Monday, August 30, 2010

Pakistan tryst with match fixing continues

By: Subhadeep Bhattacharjee

Scyld Berry the editor of Wisden Cricketers' Almanack wrote in Australia’s renowned newspaper The Sydney Morning Herald wrote “It is only natural that cricketers - or some of them at least - should reflect the society from which they come. And Pakistan is, and has been almost throughout its existence, riddled with corruption.” This after the world of cricket has been dragged to another major match fixing scandal, the biggest perhaps since the last which threatened the game in the year 2000.

Many might call this as a very racist remark considering it comes from an Englishman whose historical and cultural respect for Asians is nobody’s guess. But isn’t it also true that when people are citizens of failed democracy who see corruption all around, are they to have the same kind of pride and respect for their nation. When these cricketers see their counterparts in India making millions aren’t they tempted to cross the line? That’s the entire point in Berry’s argument.

The defence for this cannot be strong as Pakistani team historically has been no saint’s army. The team has had a history of being in the news for all the wrong reasons in all its years cricketing history. From tampering with the ball to fighting in the pubs the team has done it all in the past. The team which is packed with talent has crossed the danger line too often to give it any benefit of doubt. This is not the first time that the Pakistani team’s name has been dragged into a match fixing controversy.

Be it the 1999 World Cup’s loss versus Pakistan or loss to minnows Ireland in the last edition of the mega event which even lead to coach Bob Wolmer’s suspicious death, Pakistani cricket has always had its shades of grey. Facing commissions and enquiries for such occurrences is nothing new for the Pakistani team as generations of players right from Imran Khans to the Shahid Afridis have faced questioning related to match fixing, use of drugs, ball tempering and even a mysterious death of a coach.

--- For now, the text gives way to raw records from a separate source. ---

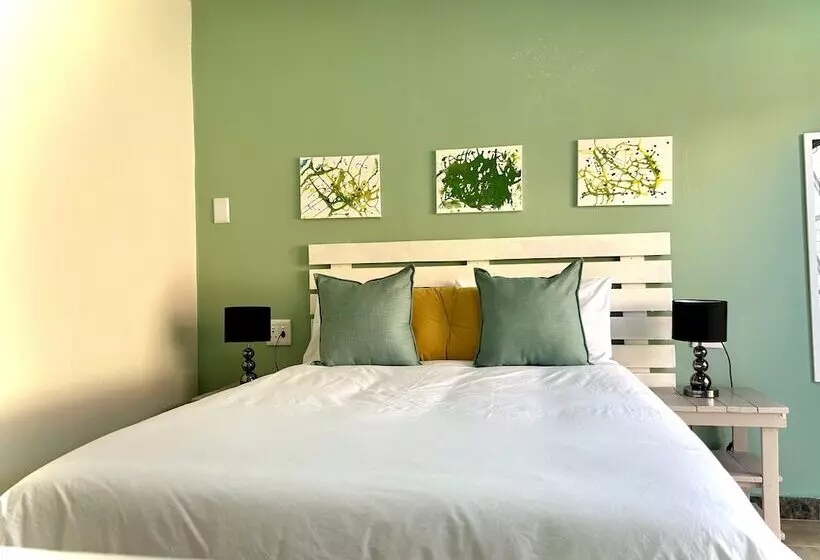 Majatalo Protea Guesthouse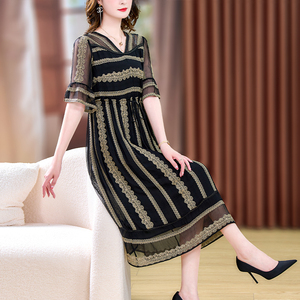 Boutique all'ingrosso abito estivo da donna ricamato alla moda con scollo a V manica svasata dolce stile Midi lunghezza Silhouette a-line - Product Image 3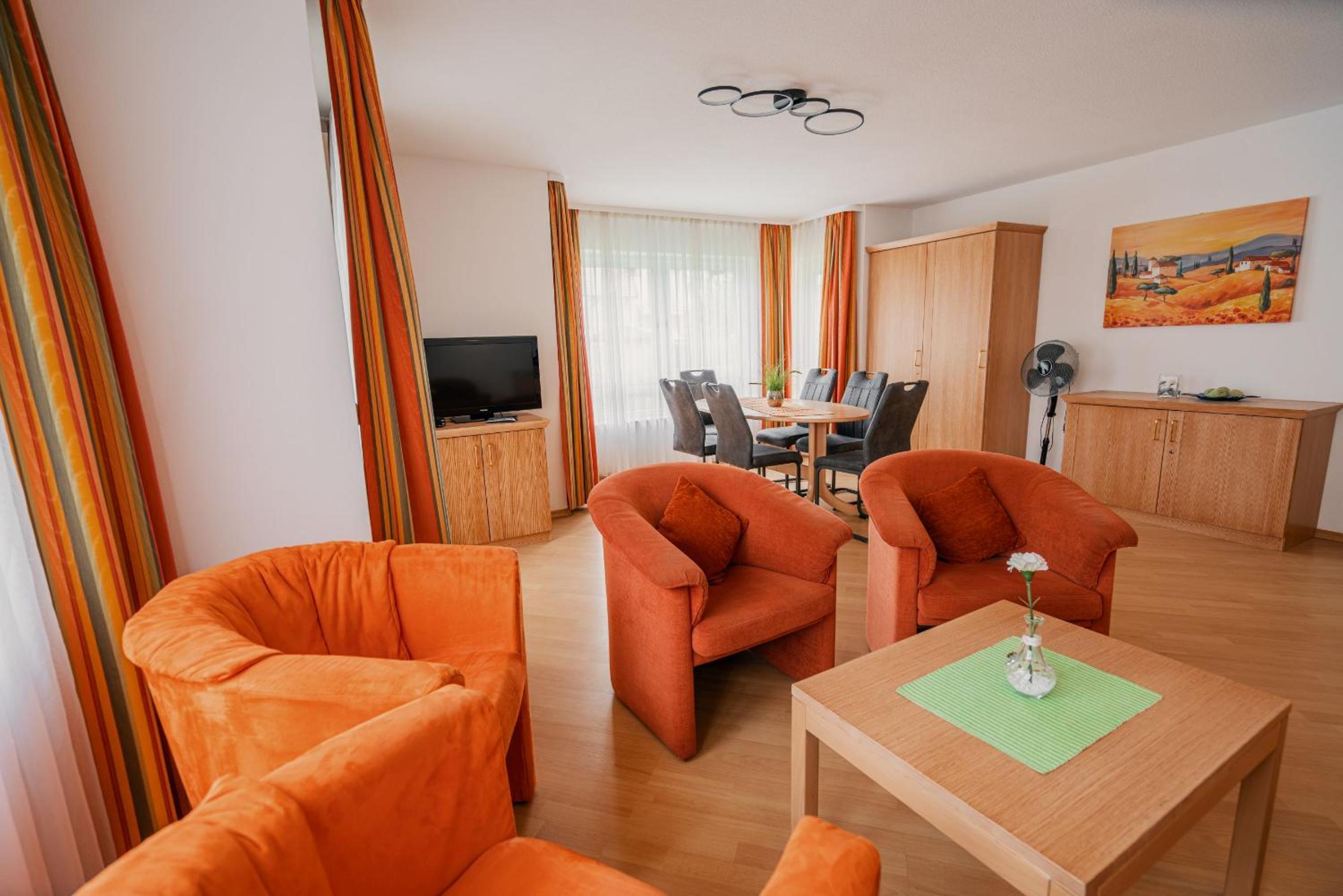 Two-Bedroom Apartment with Balcony (6 Adults) photo 3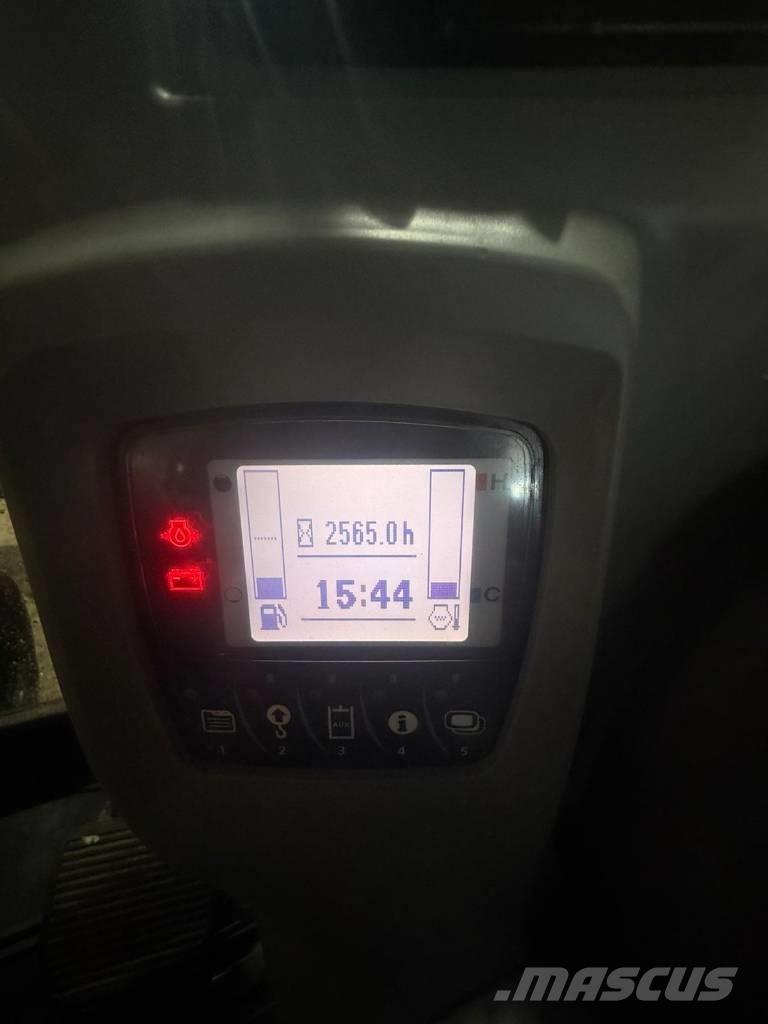 Kubota KX 080 Средни екскаватори 7т - 12т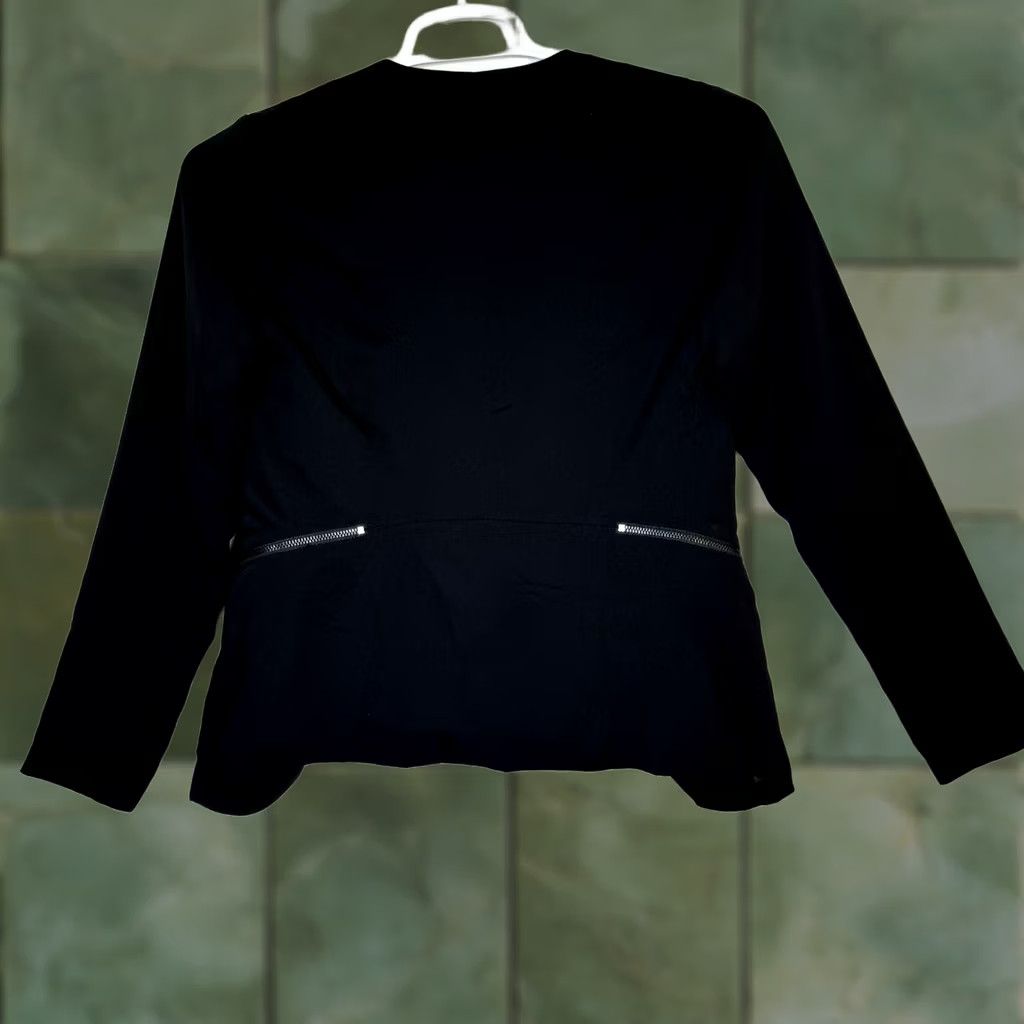 Vintage VINTAGE Elodie? No, not vintage. Elodie Jacket XS Black Draped Zip Pockets 100% Polyester Short Sleeve Women’s Regular Fit Womens Jacket Black Size XS / US 0-2 / IT 36-38 - 1 Thumbnail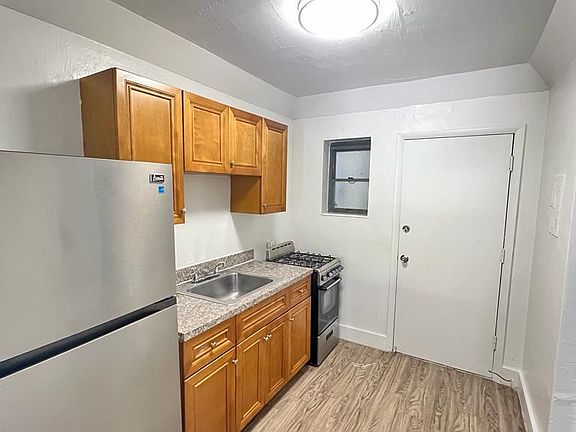 4th image of 2281 NW 135th St APT 201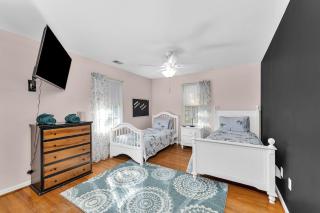The House on the Hill - Year Round Rental - Augusta - 4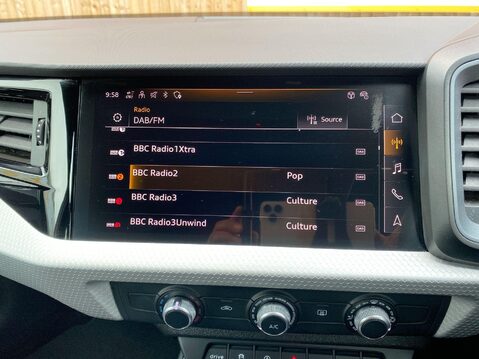 Audi A1 1.5 TFSI 35 S line Sportback 5dr Petrol S Tronic Euro 6 (s/s) (150 ps) Cru 17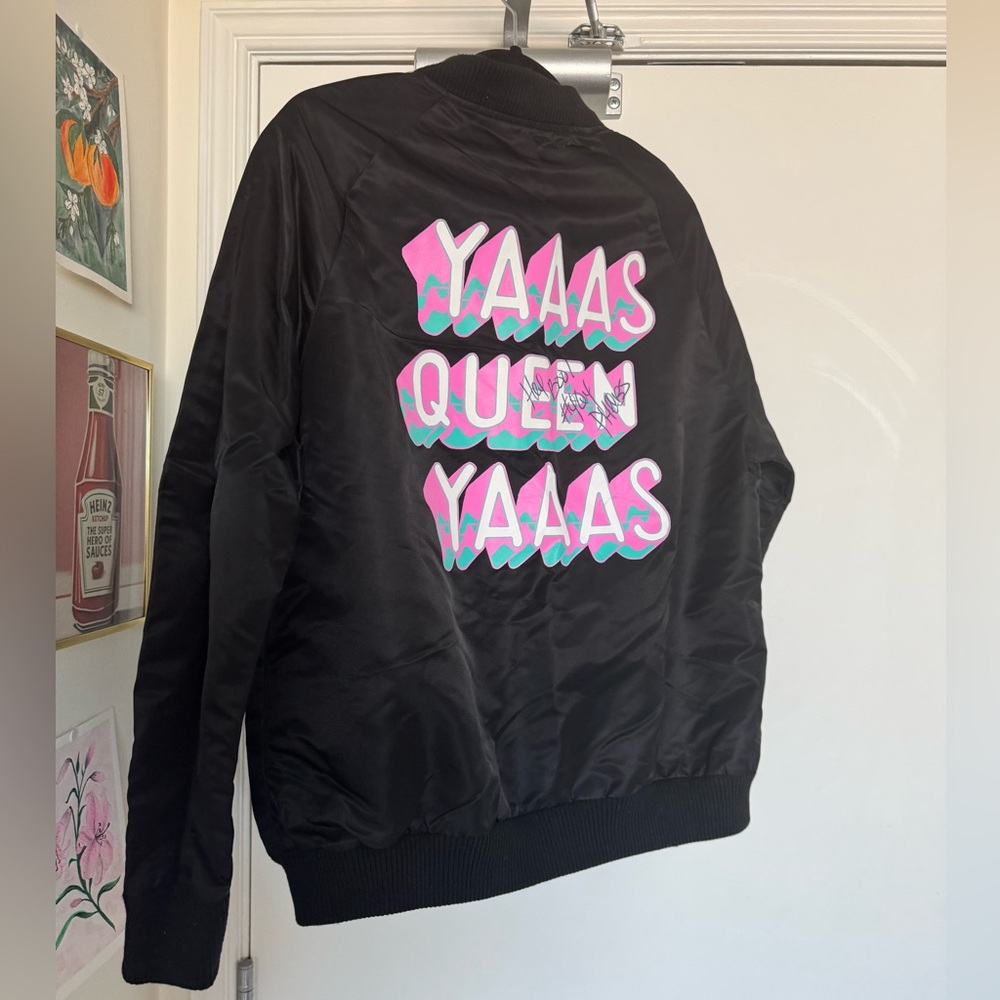 SIGNED Wildfang Black Bomber “YAAAS QUEEN YAAAS” Phoebe Robinson Ilana Glazer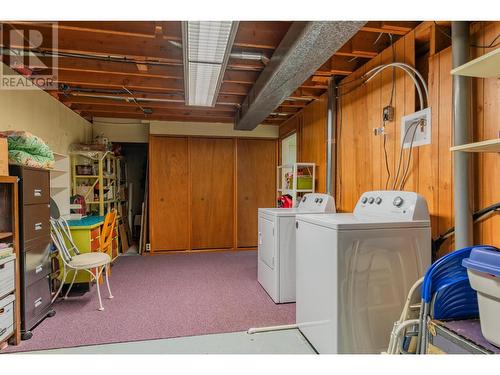 2138 Crestview  Crescent, Castlegar, BC - Indoor Photo Showing Laundry Room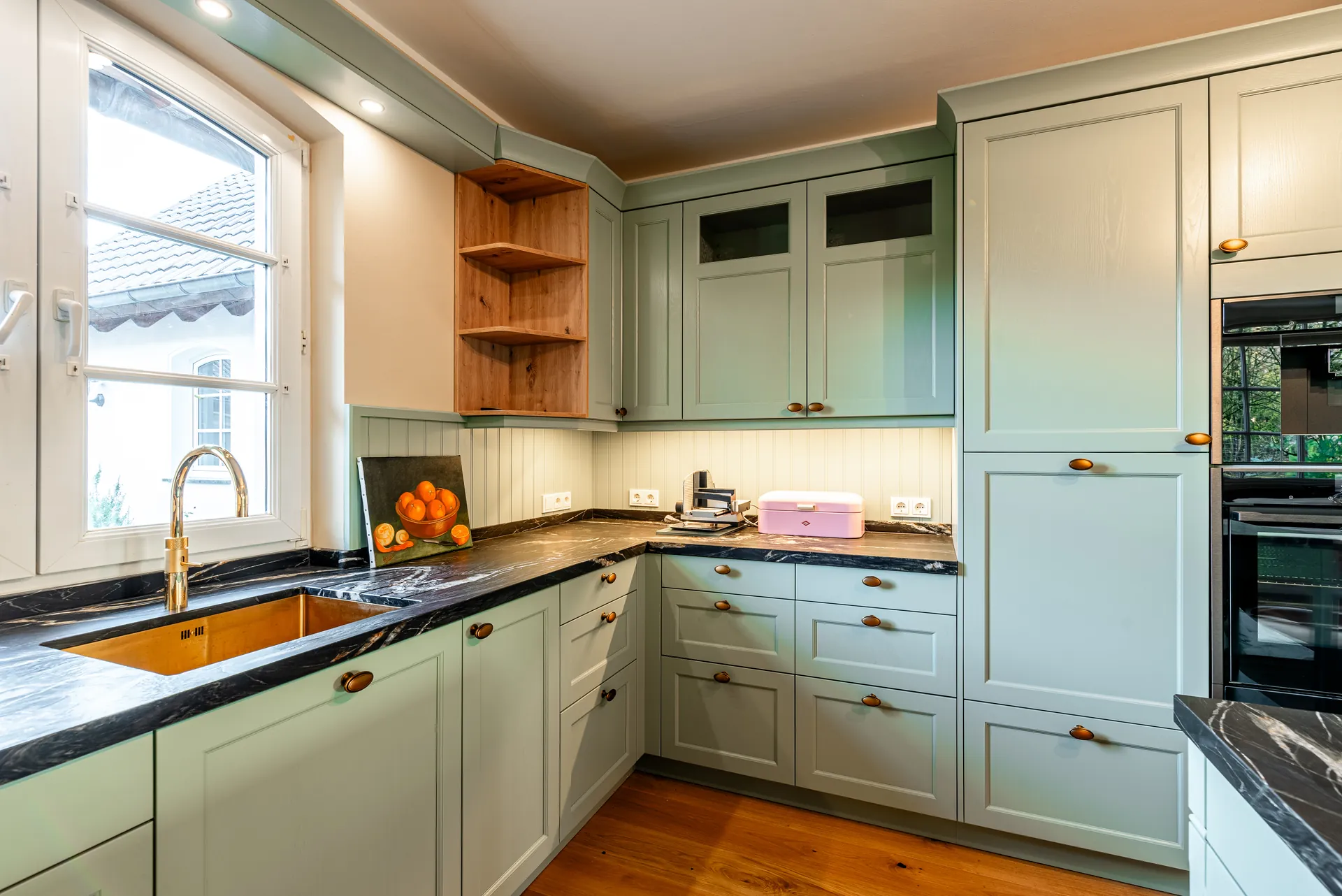 Landhausküche – Küche mit Naturstein und Quooker Armatur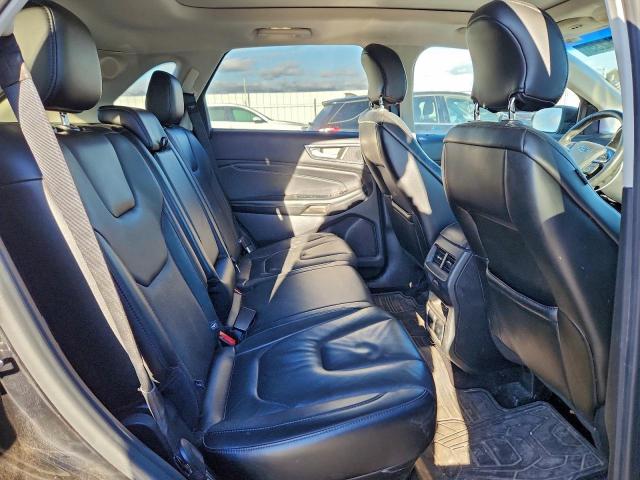 Ford Edge Titanium Image 5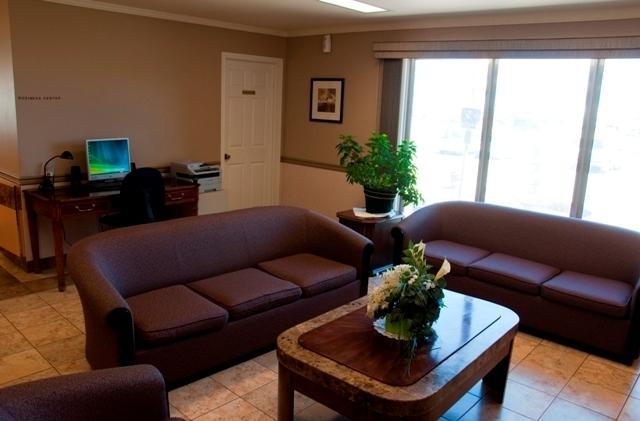 Canway Inn & Suites Dauphin Екстериор снимка
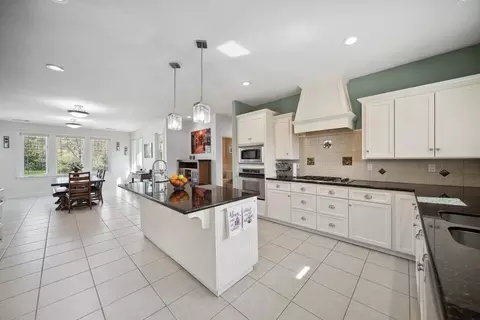 Kitchen - 16281 Valparaiso Way, Redding, CA 96001 photo 3 of 3
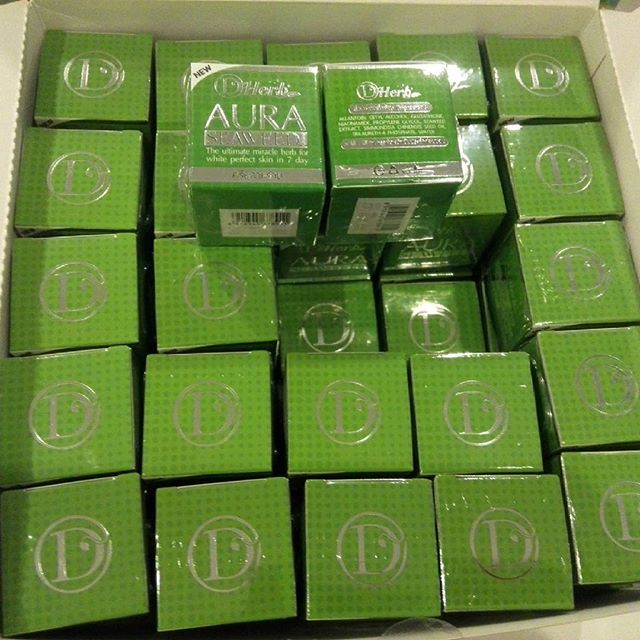 ครีมสาหร่าย ดีเฮิร์บสูตรสาหร่าย (AURA SEAWEED CREAM)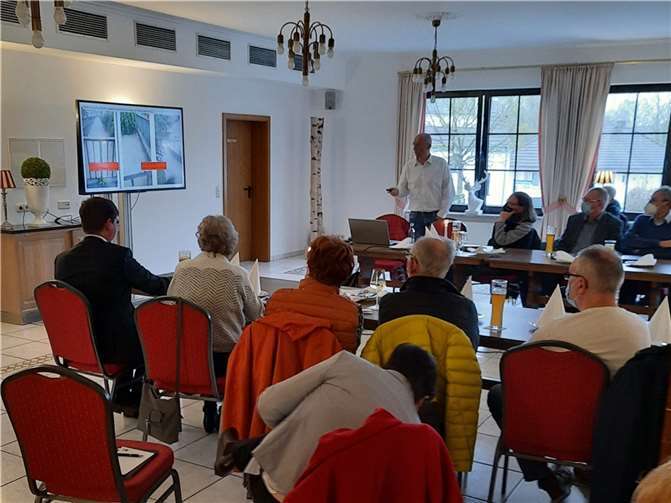 Thorsten Krause vom Bürgerverein Odendorf arbeitet das Geschehene auf. Foto: privat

England’s dramatic comeback in the allegedly fixed test match and Pakistan’s school boyish bowling performance might just be one of those natural happenings in the game of cricket. But to the naked eyes it seems too much to be true. Millions of cricket fans around the world will be hoping that Pakistani players come out clean of this as this has the potential to tarnish the game like it did a decade ago.


Avishek Ganguly August 31, 2010 at 3:54 PM  

I guess its time to ban the Pakistan team for life. It will at least do some good to world cricket. And you're right, its easy to understand the mentality of the people of a country which has grown itself on hatred.